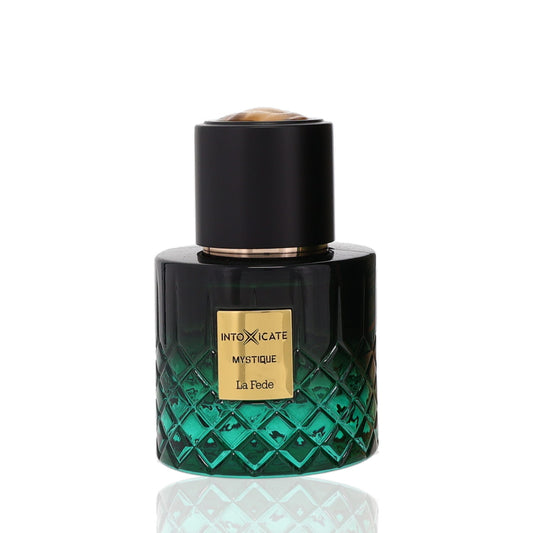 Khadlaj La Fede Intoxicate Mystique For Man/Woman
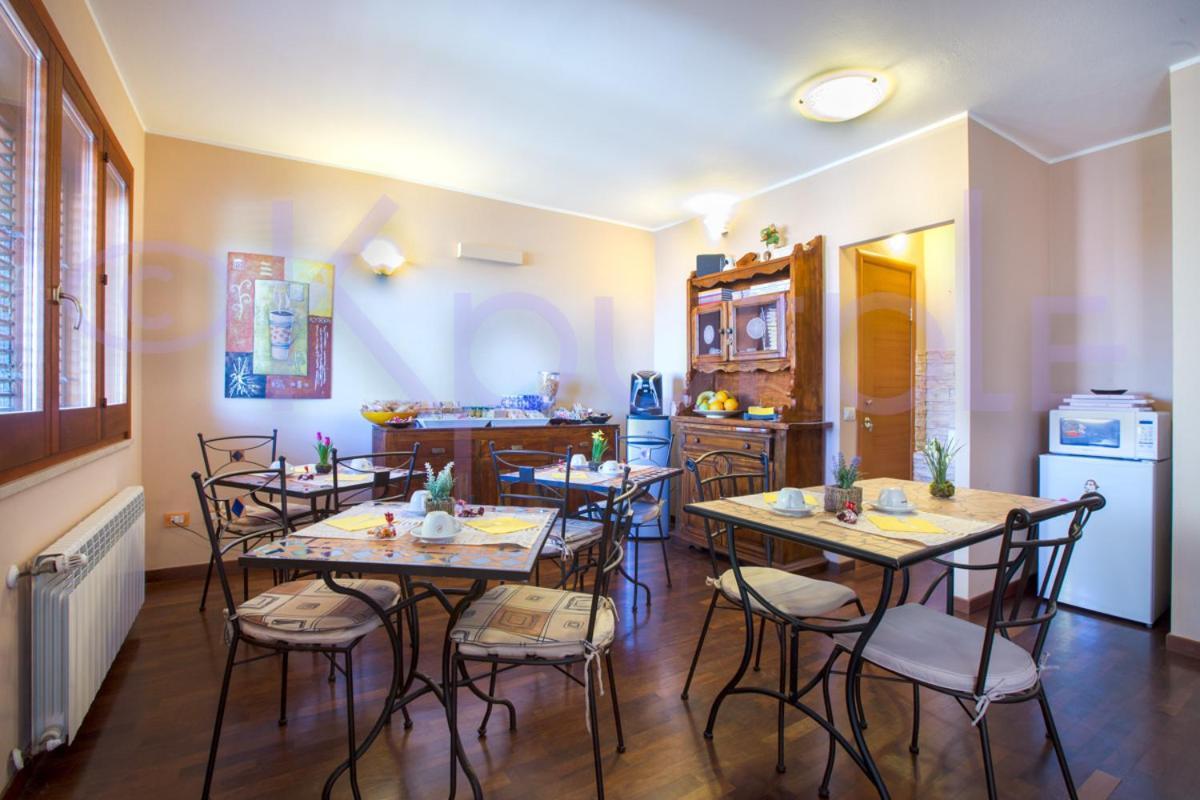 Le Api Hotel Cagliari Kültér fotó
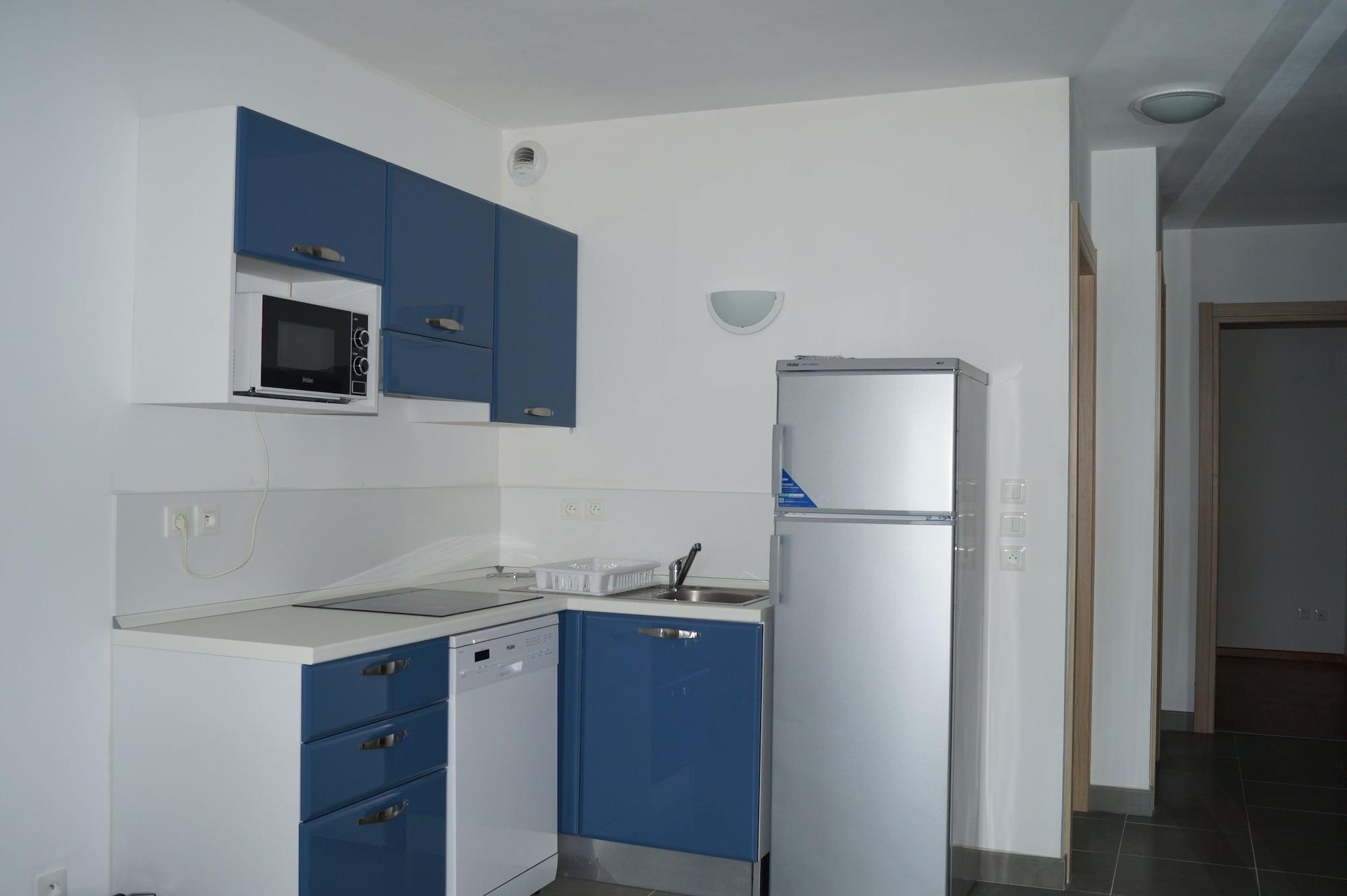 Residence Villa Tyrrenia Macinaggio Kültér fotó
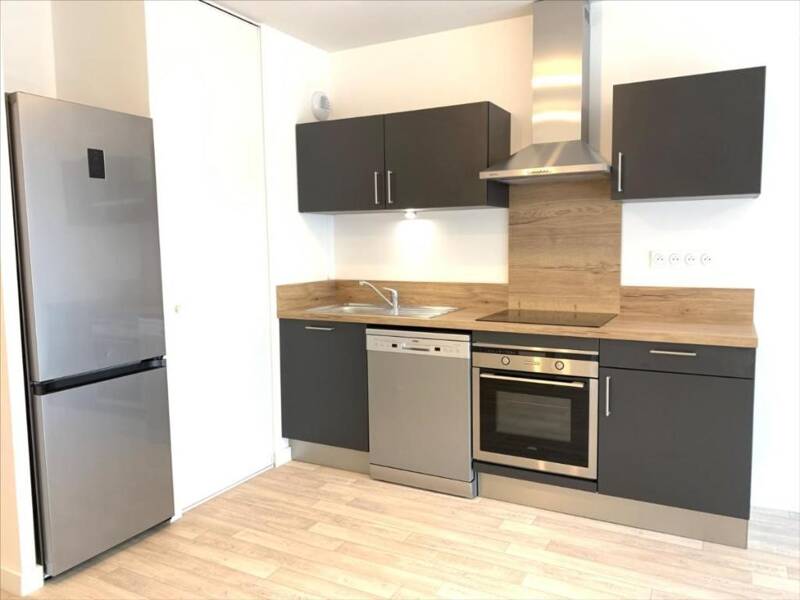 Maison à louer, 43m², MAROMME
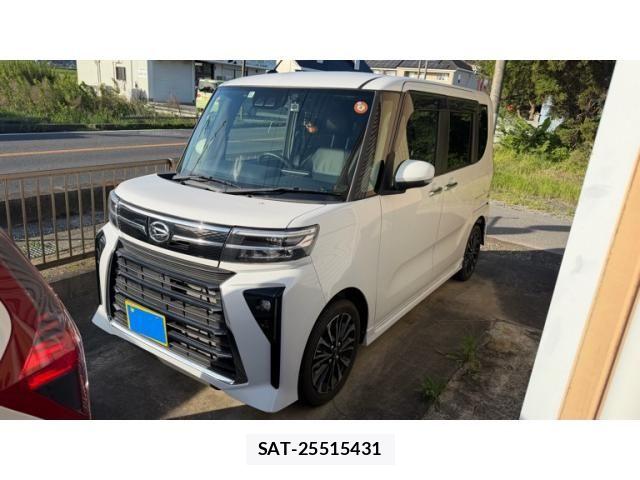 Daihatsu TANTO CUSTOM 2022-11 8882530-2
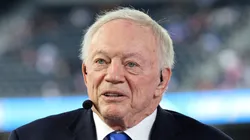 Jerry Jones, the owner of the Dallas Cowboys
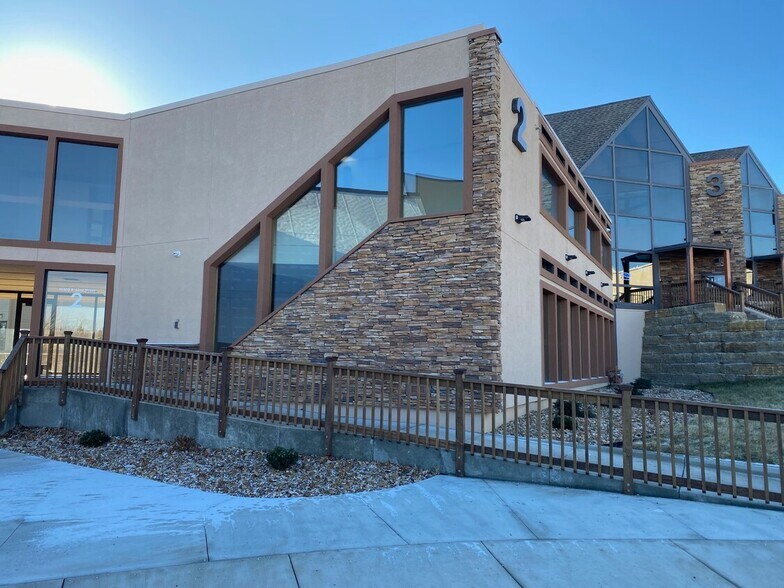 More Photos Of , Independence Office For Sale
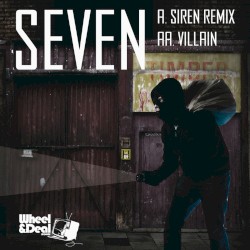 Siren Remix / The Villain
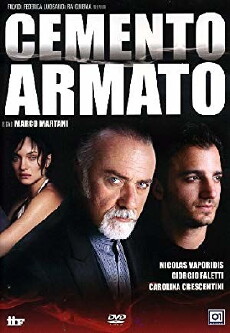 Concrete Romance (2007) - Stream Online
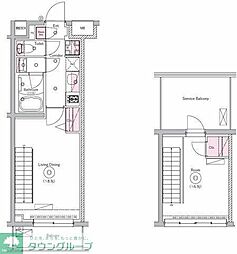 川崎市川崎区堤根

PROMPT » What you return must match, line for line, the span from the line containing "Siren Remix / The Villain" through the last line of the listing above, with every picture omitted.

YOUR SOLUTION »
 Siren Remix / The Villain
 Concrete Romance (2007) - Stream Online
 川崎市川崎区堤根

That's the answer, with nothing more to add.